## WHAT IS REQUIRED
Please restate the data below word for word, omitting all images.

## GIVEN ENTRIES
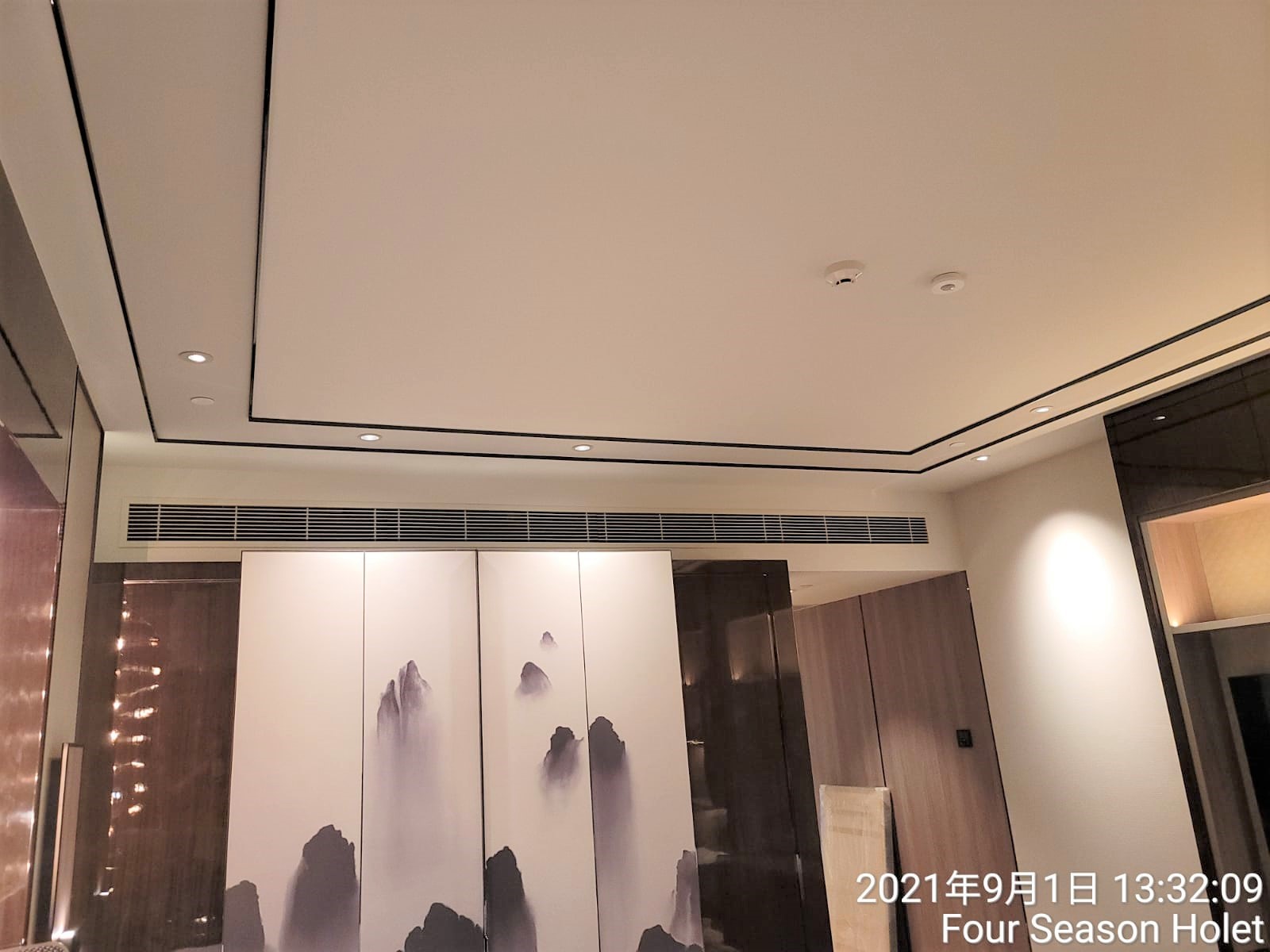 香港四季酒店（Four Seasons Hotel Hong Kong）室內天花工程完工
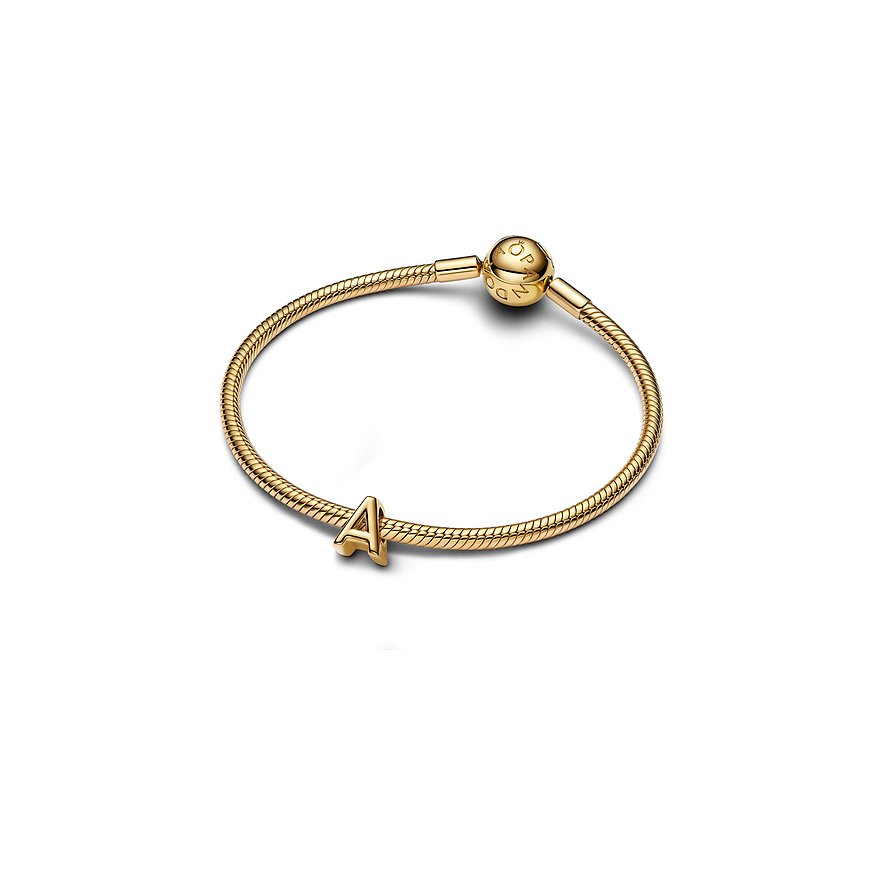 Ein goldenes Pandora Metallarmband mit einem charmförmigen Buchstaben „A“, sichtbar von vorn.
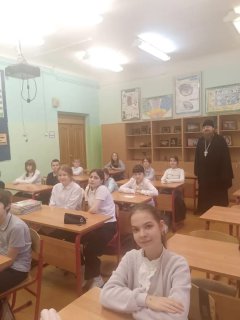 Посещение настоятелем Никольского храма открытого урока во 2-м корпусе МОУ СОШ № 18 им. Н.В. Менчинского в Павловском Посаде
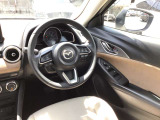 運転席回りです。シンプルながら運転に集中できるように工夫を凝らしています。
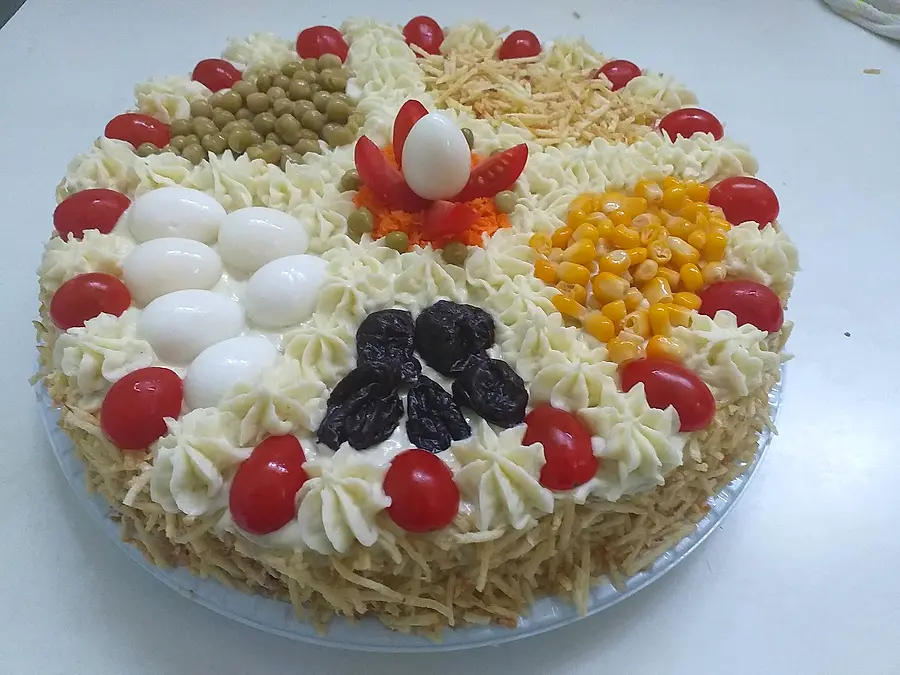 Bolo salgado decorado à mão pela Andréa (nº 13)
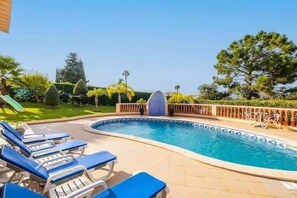 A swimming pool with blue lounge chairs and a wooden deck. - Casa Bella Vista - Fantastic views of the Algarvian mountains, Monchique. (Estômbar)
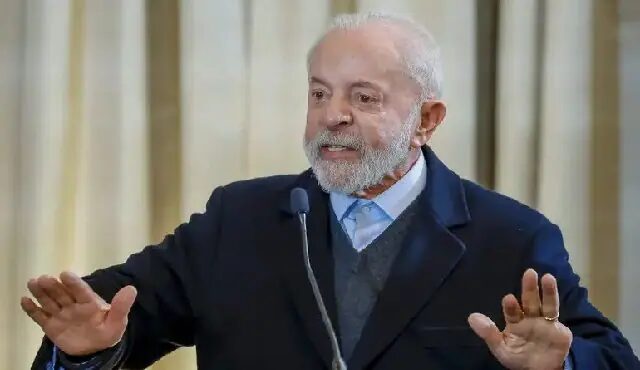 Comissão da Câmara quer apuração de ‘interferência indevida’ de Lula em investigação de fraudes no INSS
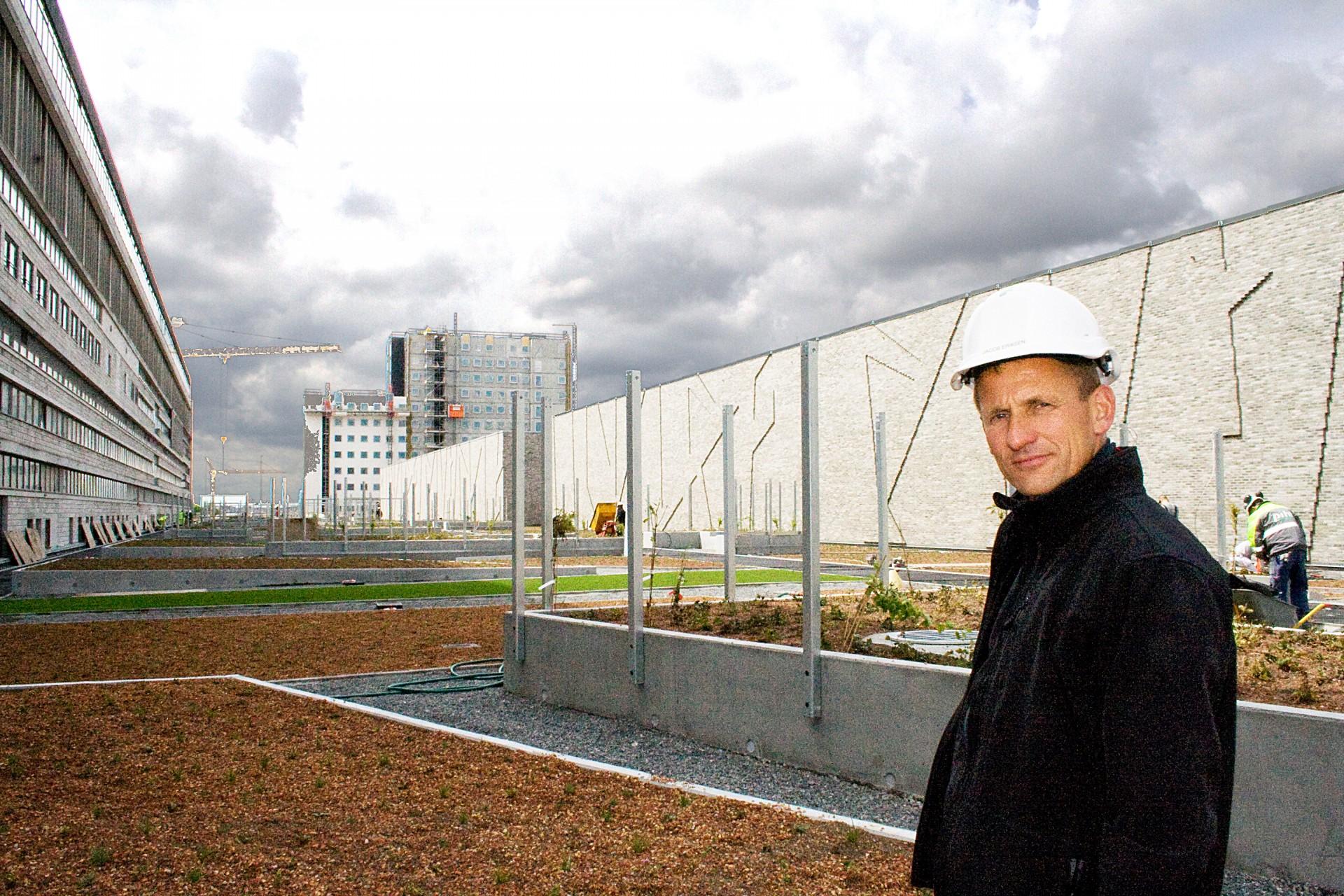 Per Malmos, direktør i Malmos Anlægsgartnere, der her er fotograferet ved anlæggelsen af Rigsarkivets grønne taghave ved Kalvebod Brygge, er blandt talerne på Have & Landskab '15 om grønne tage. Arkivfoto: Kim Ebbesen.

## TASK RESPONSE
 香港四季酒店（Four Seasons Hotel Hong Kong）室內天花工程完工
 Ein goldenes Pandora Metallarmband mit einem charmförmigen Buchstaben „A“, sichtbar von vorn.
 Посещение настоятелем Никольского храма открытого урока во 2-м корпусе МОУ СОШ № 18 им. Н.В. Менчинского в Павловском Посаде
 運転席回りです。シンプルながら運転に集中できるように工夫を凝らしています。
 Bolo salgado decorado à mão pela Andréa (nº 13)
 A swimming pool with blue lounge chairs and a wooden deck. - Casa Bella Vista - Fantastic views of the Algarvian mountains, Monchique. (Estômbar)
 Comissão da Câmara quer apuração de ‘interferência indevida’ de Lula em investigação de fraudes no INSS
 Per Malmos, direktør i Malmos Anlægsgartnere, der her er fotograferet ved anlæggelsen af Rigsarkivets grønne taghave ved Kalvebod Brygge, er blandt talerne på Have & Landskab '15 om grønne tage. Arkivfoto: Kim Ebbesen.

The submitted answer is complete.